Your answer must be the full listing below, repeated exactly, with no pictures in it.

[Information supplied]
★ ★ ★
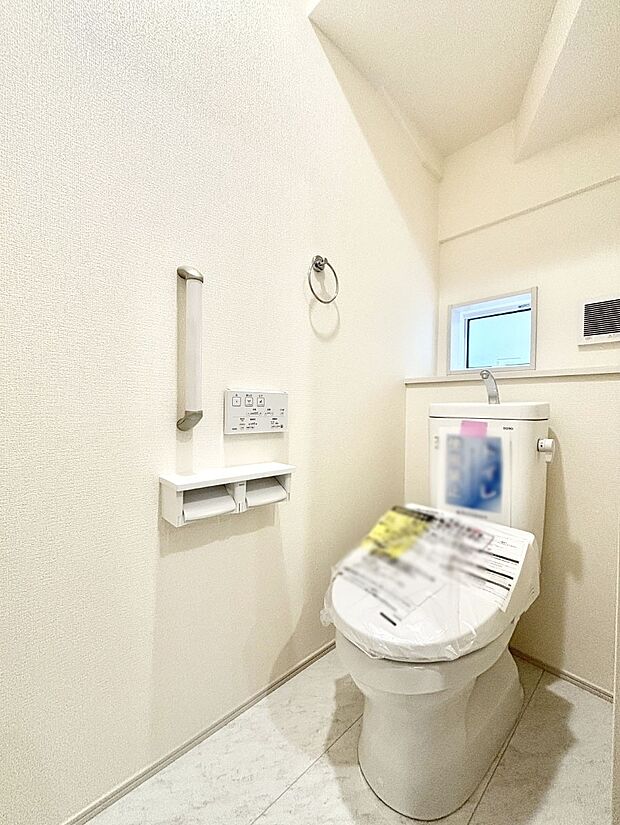 トイレは1階と2階それぞれに配置されていてとても便利です。 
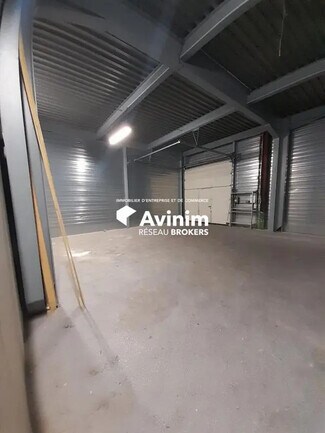 Plus de détails pour Local d'activités à louer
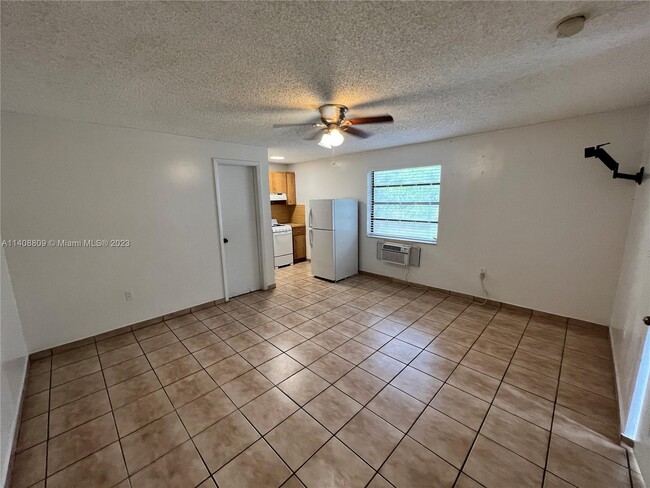 Building Photo - 1211 Rutland St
★ ★ ★
[Response to this task]
 トイレは1階と2階それぞれに配置されていてとても便利です。 
 Plus de détails pour Local d'activités à louer
 Building Photo - 1211 Rutland St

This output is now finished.